┌──
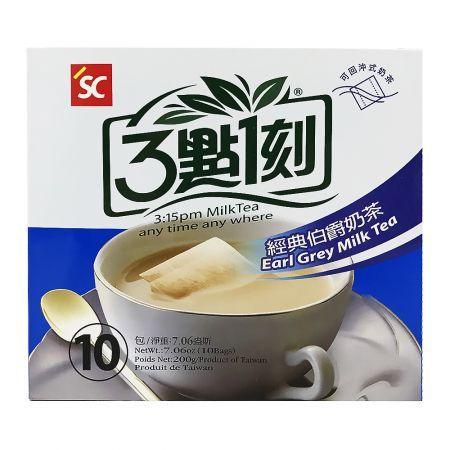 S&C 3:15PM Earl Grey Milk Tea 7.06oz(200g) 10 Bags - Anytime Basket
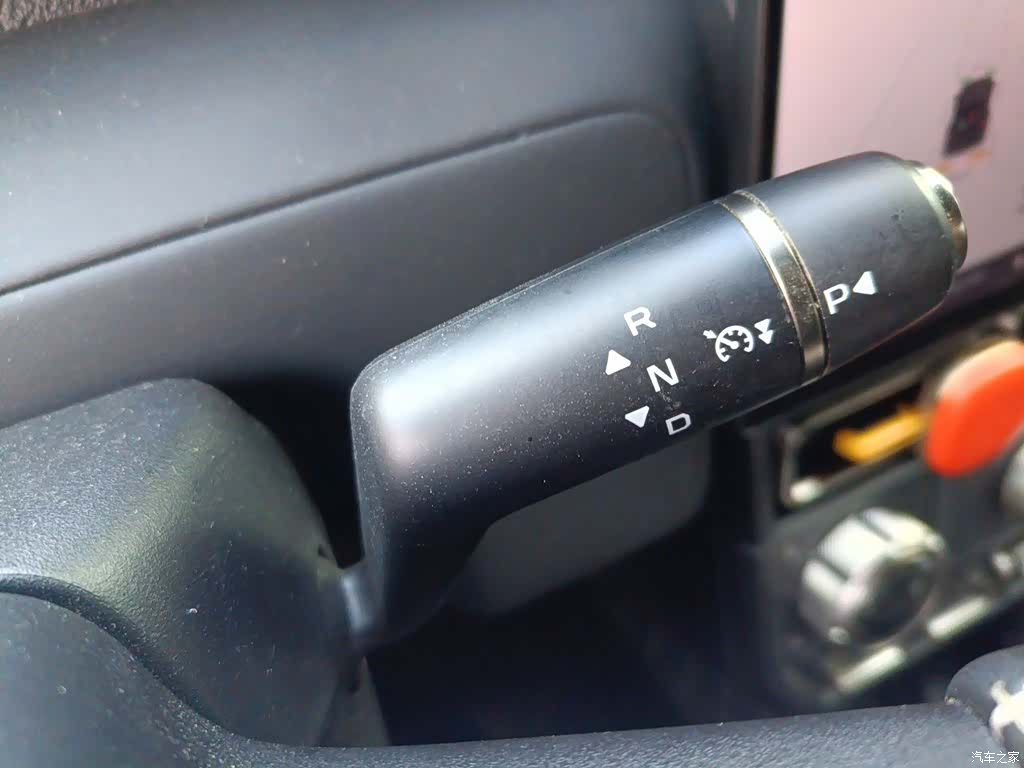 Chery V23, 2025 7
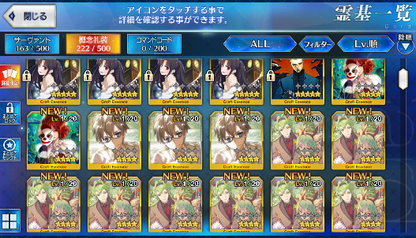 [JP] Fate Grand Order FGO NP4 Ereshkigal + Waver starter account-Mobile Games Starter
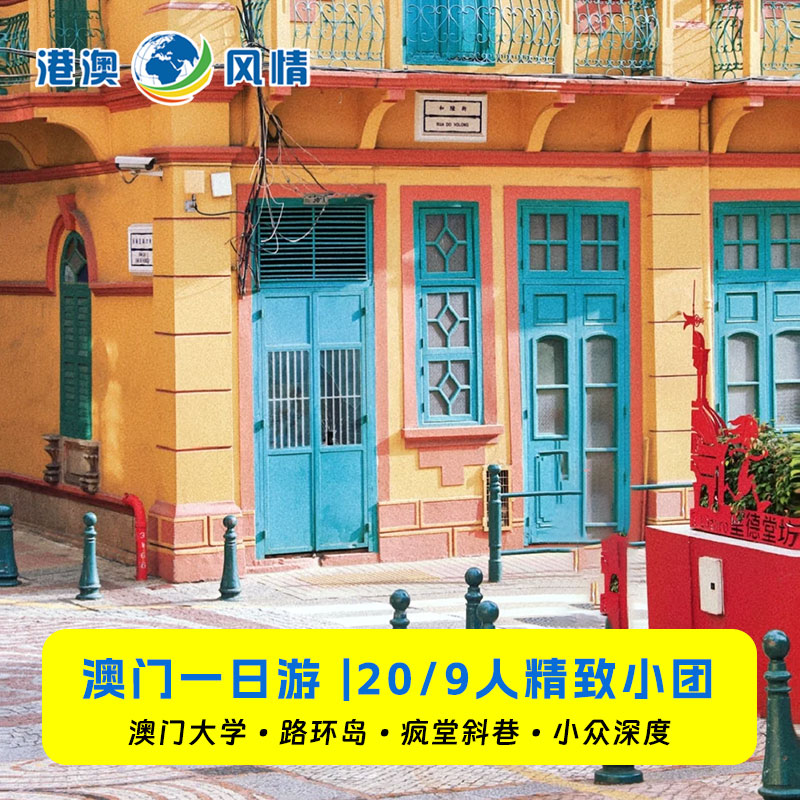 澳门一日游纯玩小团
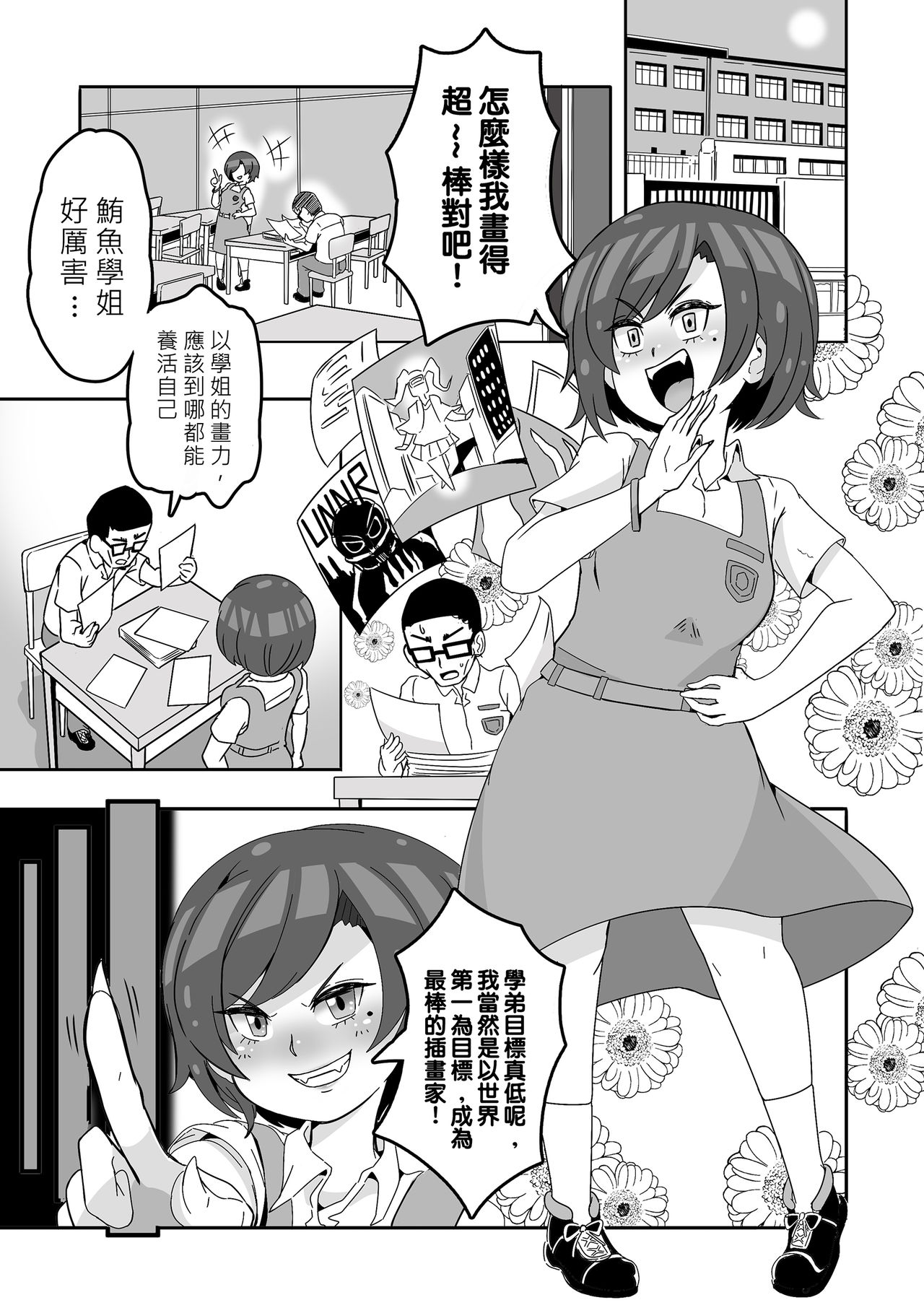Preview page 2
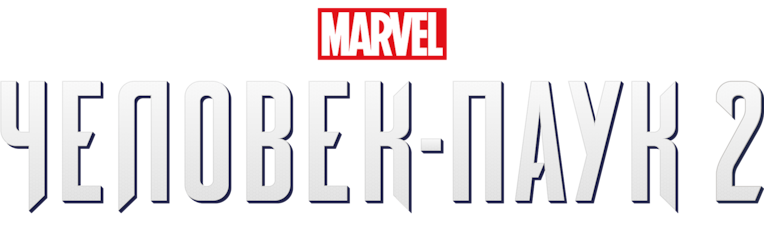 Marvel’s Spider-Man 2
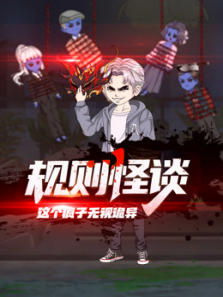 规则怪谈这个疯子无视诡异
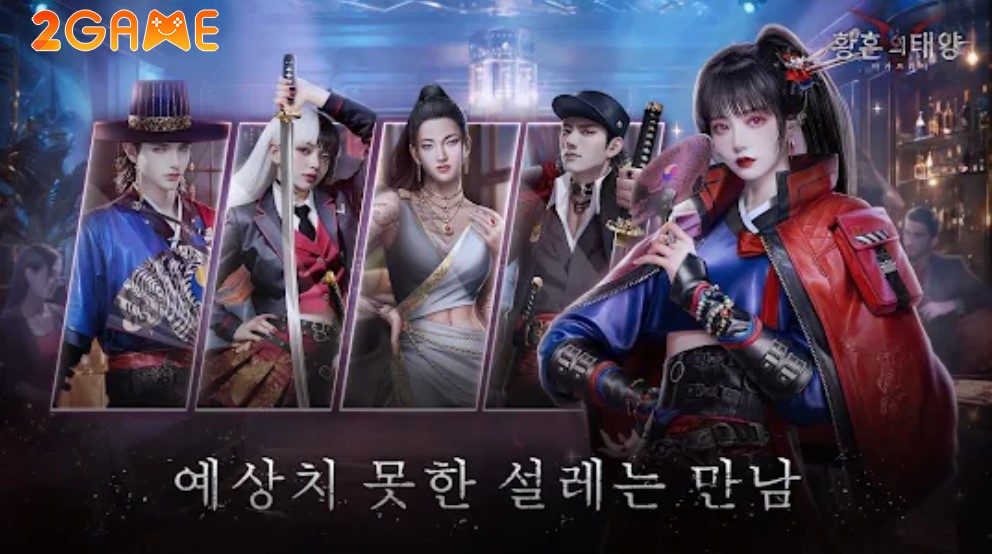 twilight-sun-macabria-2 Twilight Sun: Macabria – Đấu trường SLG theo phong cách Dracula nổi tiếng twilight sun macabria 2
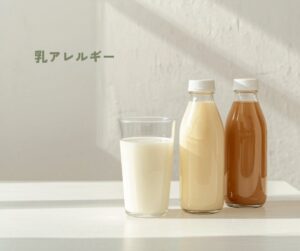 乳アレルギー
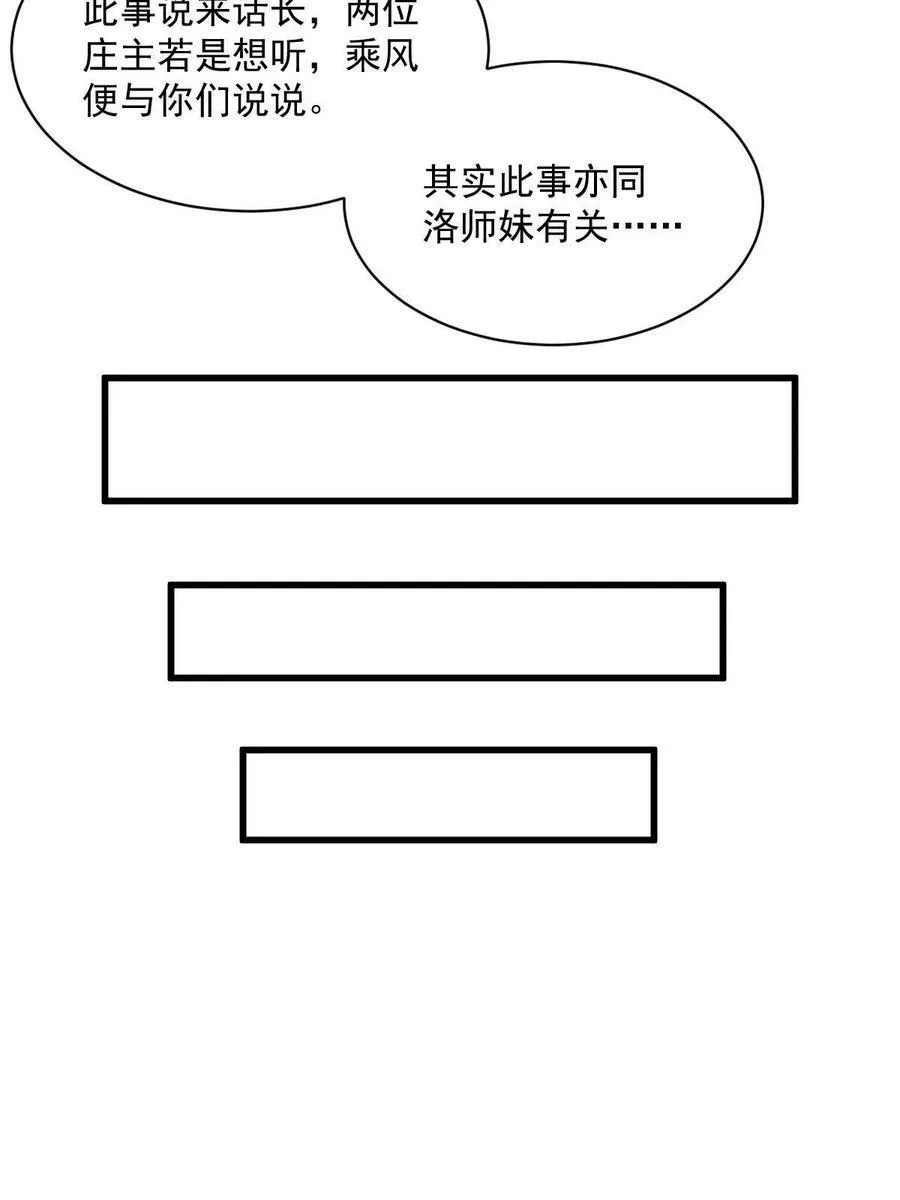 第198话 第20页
└──
┌──
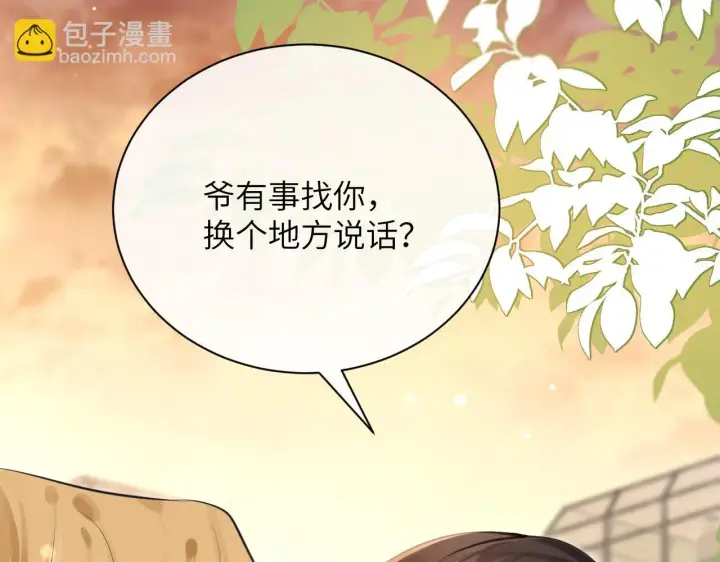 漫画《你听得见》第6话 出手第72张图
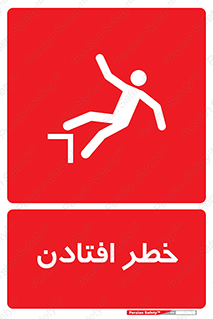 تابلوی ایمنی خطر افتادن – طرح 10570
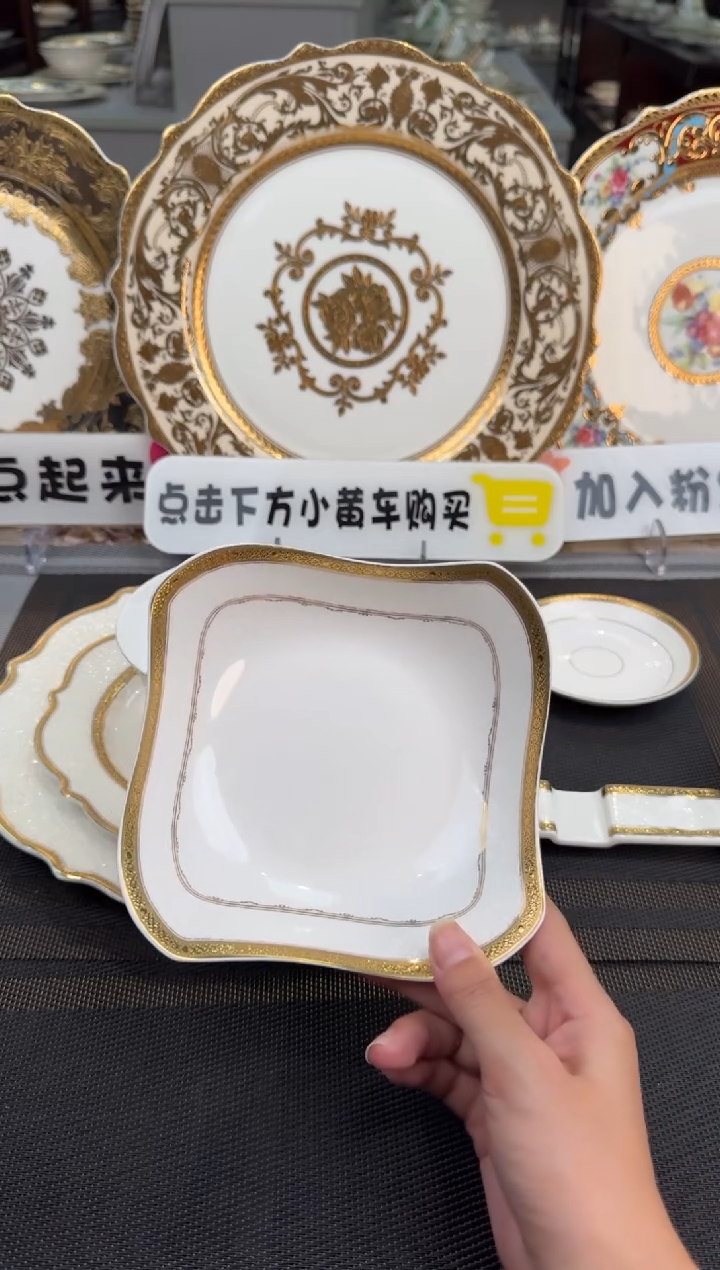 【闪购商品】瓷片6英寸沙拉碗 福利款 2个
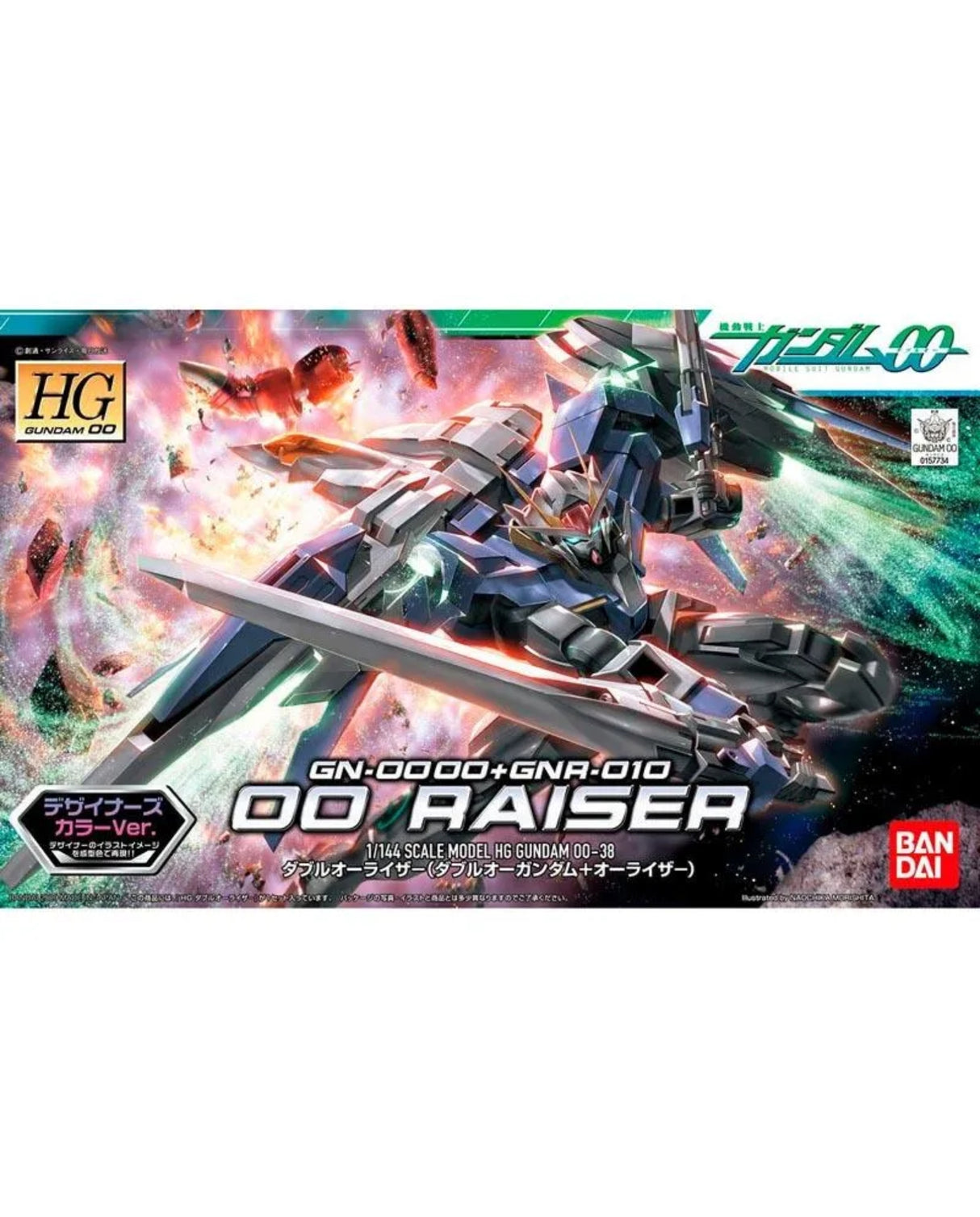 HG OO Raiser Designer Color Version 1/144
└──
┌──
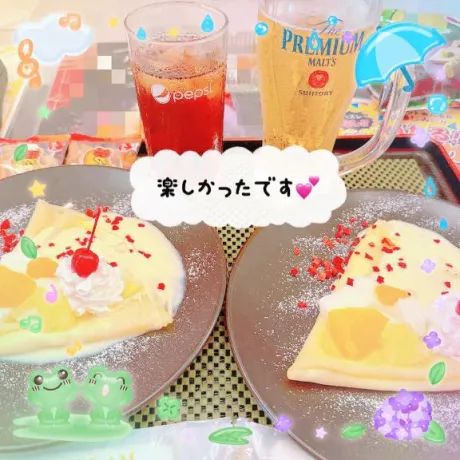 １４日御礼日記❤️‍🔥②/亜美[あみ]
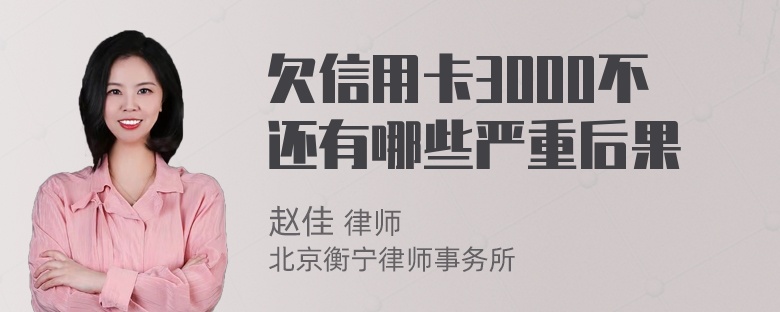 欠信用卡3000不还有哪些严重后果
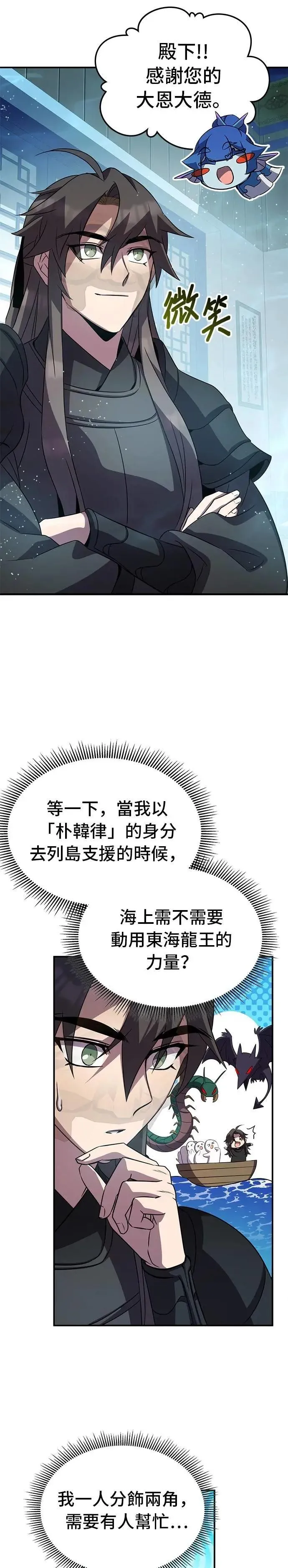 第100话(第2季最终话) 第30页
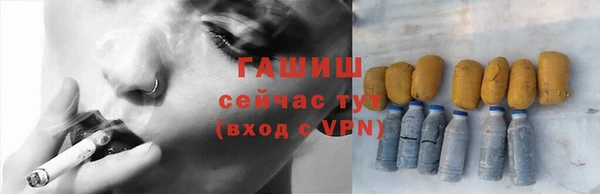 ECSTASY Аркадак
└──
**Instructions for the task**
Pictures in the entries do not go into the copy. Print only the lines starting at the one containing "تابلوی ایمنی خطر افتادن – طرح 10570" and ending at the one containing "HG OO Raiser Designer Color Version 1/144", exactly as they appear.

**Written answer**
 تابلوی ایمنی خطر افتادن – طرح 10570
 【闪购商品】瓷片6英寸沙拉碗 福利款 2个
 HG OO Raiser Designer Color Version 1/144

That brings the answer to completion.